Gli occhi spiritati di Schillaci per un rigore non dato. La serpentina di Baggio contro la Cecoslovacchia. Le feste in piazza dopo le vittorie azzurre. Notti magiche prima della serata tragica. Napoli divisa. Maradona e Caniggia e Goycochea. Poi l’uscita sbagliata di Zenga e la delusione, forse la più grande di sempre, per l’eliminazione in semifinale. Sono le immagini di copertina di un ipotetico libro dal retrogusto amaro. Titolo possibile: ‘Mondiali Italia ’90, storia di un’occasione persa’. Perché l’eredità del torneo non si misura con il misero terzo posto della nazionale di Vicini. Il flop fu soprattutto organizzativo: tra costi esplosi e ritardi, le opere realizzate (almeno quelle che non sono state abbattute) erano e restano l’emblema dello spreco. Eppure fu un’edizione epocale, anche e soprattutto dal punto di vista sociale e geopolitico. A trent’anni esatti da allora, raccontiamo – a modo nostro – l’Italia, l’Europa e il mondo di quei giorni.
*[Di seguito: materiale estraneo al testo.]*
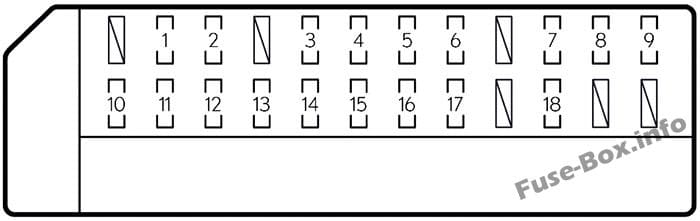 Instrument panel fuse box #2 diagram (LHD): Lexus GS 250, GS 350 (2012, 2013, 2014, 2015, 2016, 2017)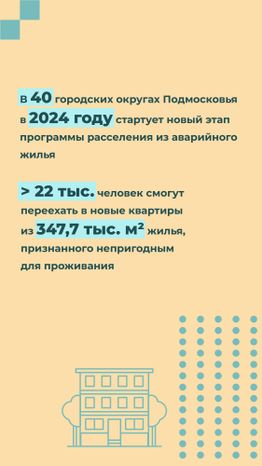 Переселение Пушкино
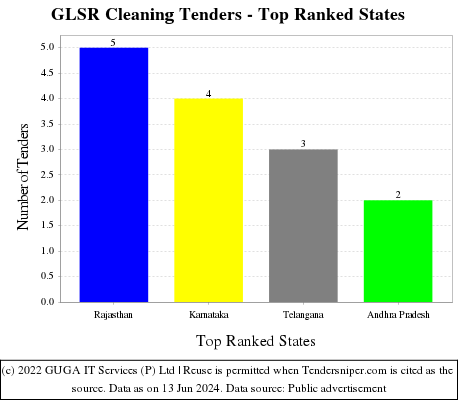 GLSR Cleaning Live Tenders - Top Ranked States (by Number)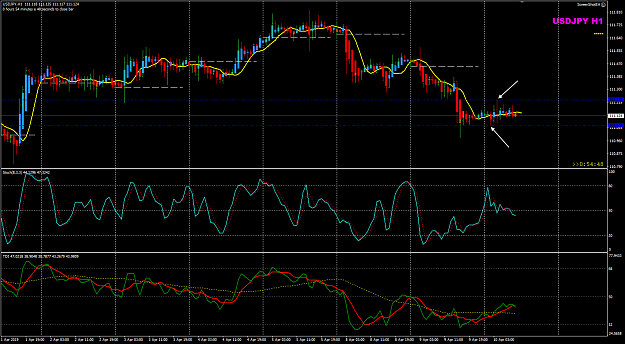 Click to Enlarge

Name: USDJPY Apr 10 Tokyo 5H high low 10-04-2019 15-05-26.png
Size: 52 KB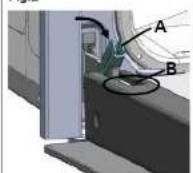 Parmco AR 900-OBS - How to Remove the Oven door - 2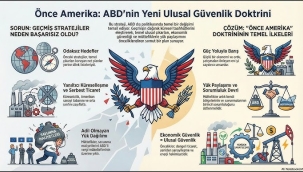 Trump'ın boğazındaki kılçık…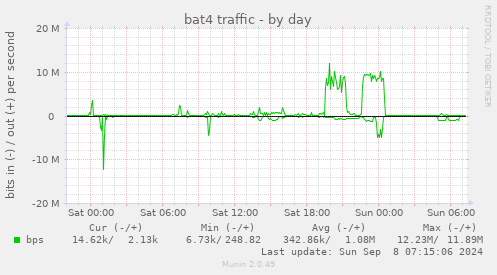 daily graph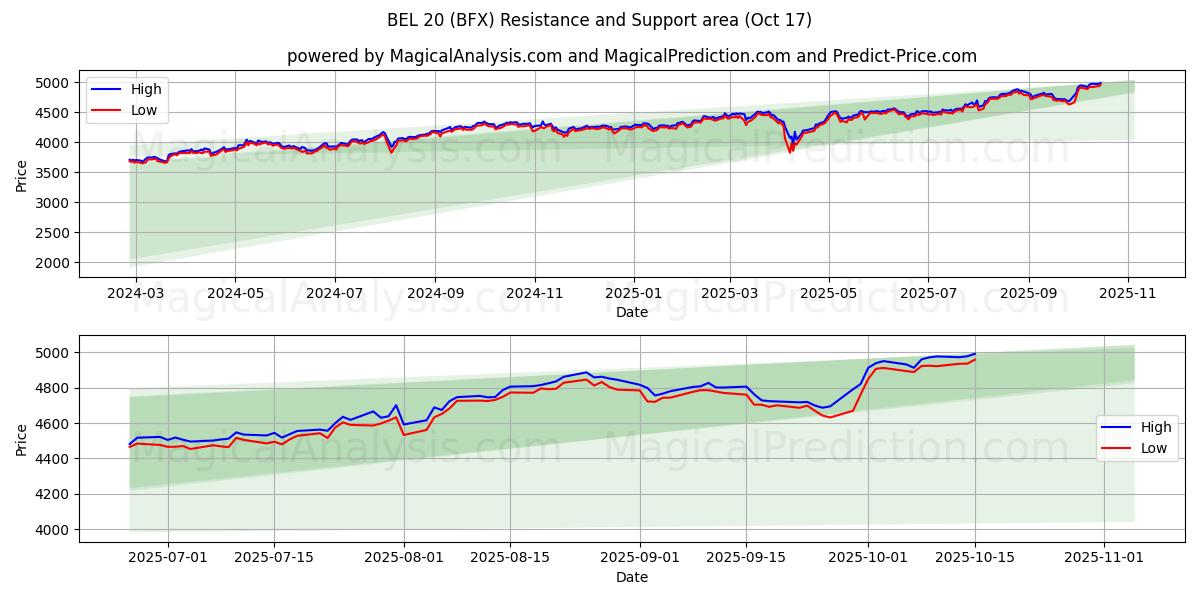 BEL 20 (BFX) Support and Resistance area (16 Oct) BEL 20 (BFX) Support and Resistance area (16 Oct)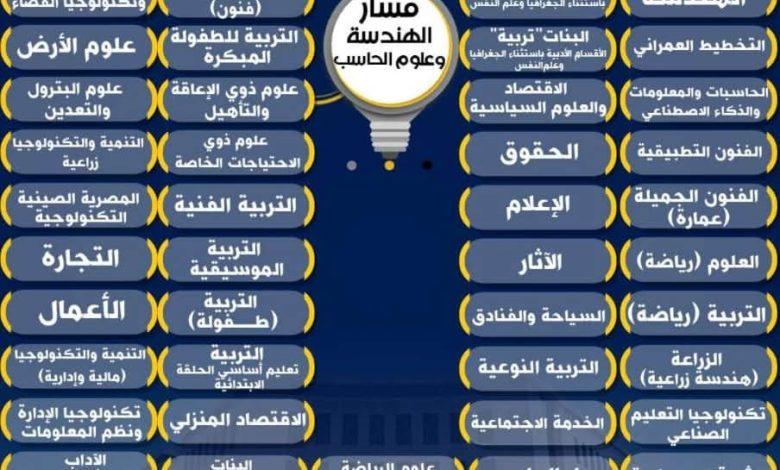 أهداف الاجتماع وأهميته في تطوير نظام البكالوريا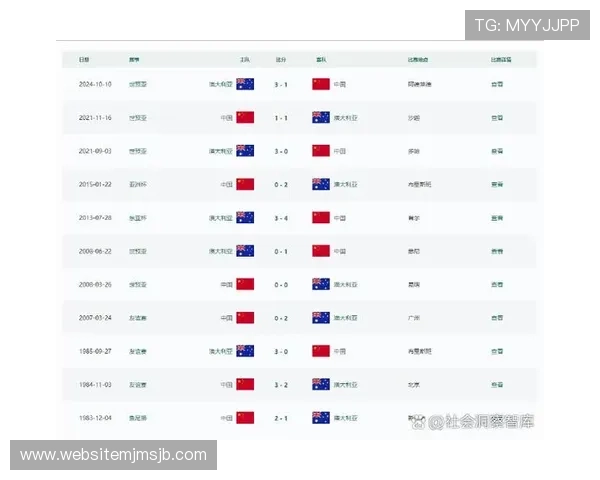 美加墨世界杯亚洲区18强积分榜实时追踪提供最新积分排名和比赛结果分析帮助用户做出合理预测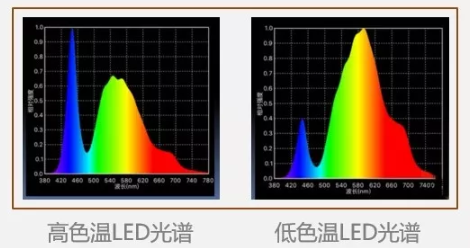 Why are the color temperatures of various lights different?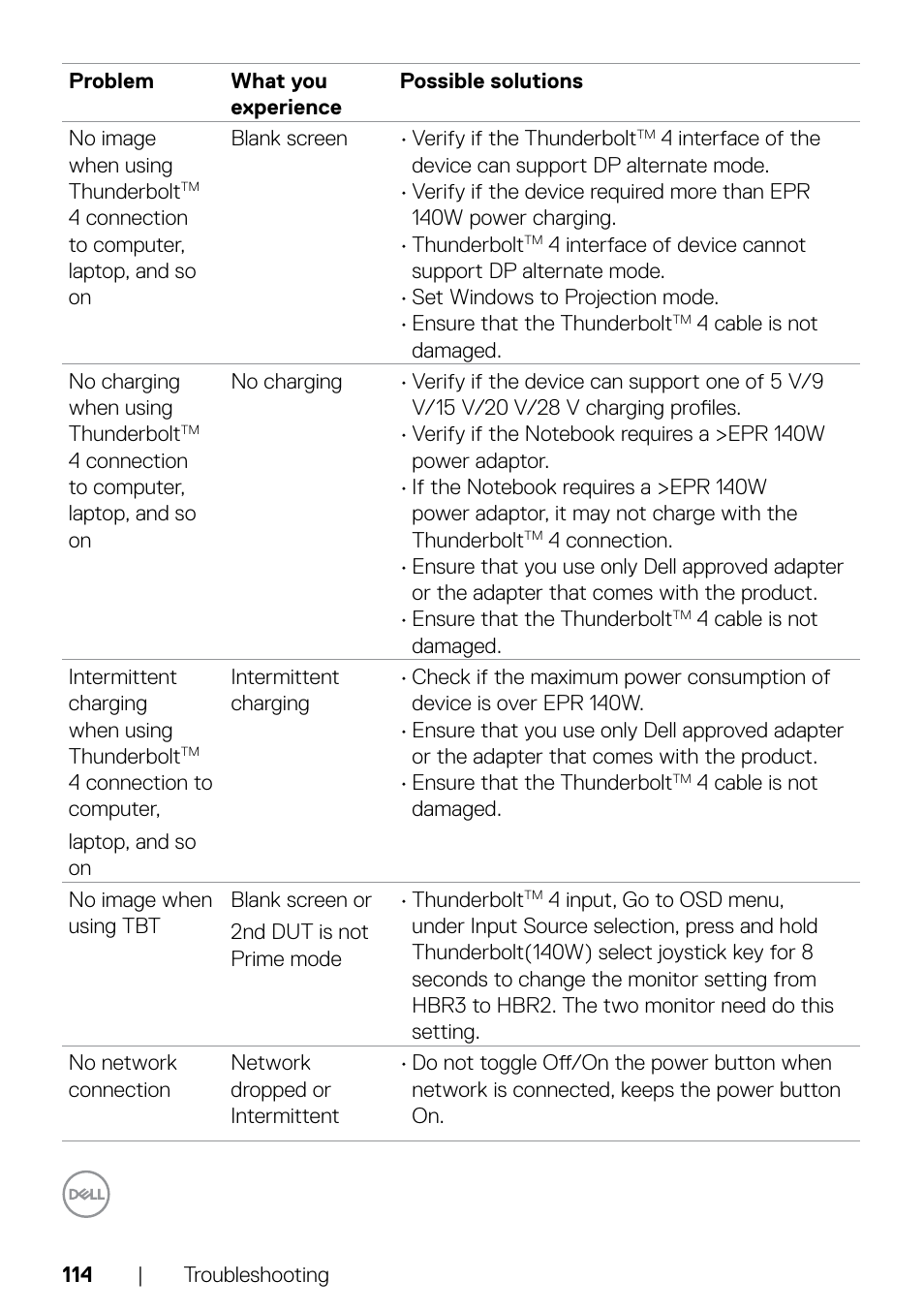 Product specific, Problems –no image when using thunderbolt, 4 daisy chain | Dell UltraSharp 32" 6K HDR Video Conferencing Monitor User Manual | Page 114 / 123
Le storie, i protagonisti, gli aneddoti. Di ciò che era, di cosa è restato. (p.g.c.)

È un Brasile diverso quello che sbarca in Italia per la Coppa del Mondo 1990. Il selezionatore Sebastiao Lazaroni l’anno precedente l’ha portato a vincere la Coppa America, utilizzando per la prima volta nella storia della Selecao il libero. Non era mai successo che la Nazionale verdeoro si schierasse con un difensore staccato di qualche metro rispetto ai colleghi di reparto. Lazaroni andava contro la tradizione e per questo veniva costantemente criticato.
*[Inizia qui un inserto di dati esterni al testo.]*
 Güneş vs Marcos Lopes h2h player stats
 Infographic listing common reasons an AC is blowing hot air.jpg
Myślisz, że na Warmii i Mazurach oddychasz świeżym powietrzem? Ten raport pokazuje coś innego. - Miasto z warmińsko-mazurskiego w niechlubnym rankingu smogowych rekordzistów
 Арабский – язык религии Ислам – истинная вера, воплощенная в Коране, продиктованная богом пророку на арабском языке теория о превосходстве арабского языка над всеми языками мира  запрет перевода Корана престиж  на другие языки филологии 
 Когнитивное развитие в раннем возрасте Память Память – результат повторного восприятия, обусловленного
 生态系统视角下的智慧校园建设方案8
Prima di stabilire il quartiere generale ad Asti (il girone lo avrebbe giocato a Torino) la Nazionale fece un preritiro a Gubbio, dove in amichevole venne sconfitta da una selezione locale ribattezzata Top Umbria (1-0 gol di Ciccio Artistico). Una partita che nulla contava, la Fifa aveva impedito alla Federazione perfino di utilizzare la maglia ufficiale. Ma che servì a scatenare attorno alla squadra e al suo allenatore ancora più polemiche. Quella era una formazione con talento, soprattutto in attacco. Aveva Careca, Muller, Renato Portaluppi e i giovani Romario e Bebeto. Il centrocampo però era, con Dunga e Alemao, soprattutto di quantità. E il numero 10? Silas, spesso lasciato tristemente in panchina. A giocare da libero, trasformato in questo nuovo ruolo proprio da Lazaroni, Mauro Galvao del Botafogo.

Lazaroni andò contro la storia del suo Paese, seguendo le tendenze tattiche di quel mese mondiale. Lo spiega bene Furio Zara sul suo libro, appena pubblicato da Baldini+Castoldi, Le nostre notti magiche: “Le Nazionali si schierano quasi tutte con la difesa a cinque, dalla Germania al Brasile, dall’Argentina all’Inghilterra, modellando la squadra con un 5-3-2 che diventa la nuova carta d’identità condivisa. Torna di moda – inaspettatamente – il ‘libero’, che ora viene affiancato da due stoppercentrali difensivi mentre sulle fasce stazionano i terzini, che già qualcuno chiama esterni. Si sta più coperti, si è molto preoccupati di non prenderle. Non è un caso che questo sia il Mondiale delle difese, il più povero della storia come media gol (2,21 a partita)”.

In un girone con Svezia, Scozia e Costarica la Selecao riuscì a qualificarsi agli ottavi. A Torino affrontò l’Argentina, giocando la migliore partita da quand’era iniziato il mondiale. È la gara in cui Branco bevve acqua da una borraccia proveniente dalla panchina argentina, ingerendo così qualcosa di simile a un sonnifero. Avrebbe strameritato la vittoria, il Brasile. Ma con una magia Maradona lanciò in porta il fido Caniggia, che insaccò alle spalle del portiere Taffarel. Nulla aveva potuto la difesa, Mauro Galvao compreso. La Nazionale brasiliana se ne tornò a casa, dove Lazaroni subì minacce di morte. Rimase invece in Italia, in veste di giornalista tv, Joao Saldanha, il vecchio selezionatore che aveva creato nel 1970 il Brasile dei 5 numeri 10. Il 12 luglio l’ex ct morirà a Roma all’età di 73 anni. Si concluse nel peggiore dei modi un’estate mondiale davvero sfortunata per il calcio brasiliano.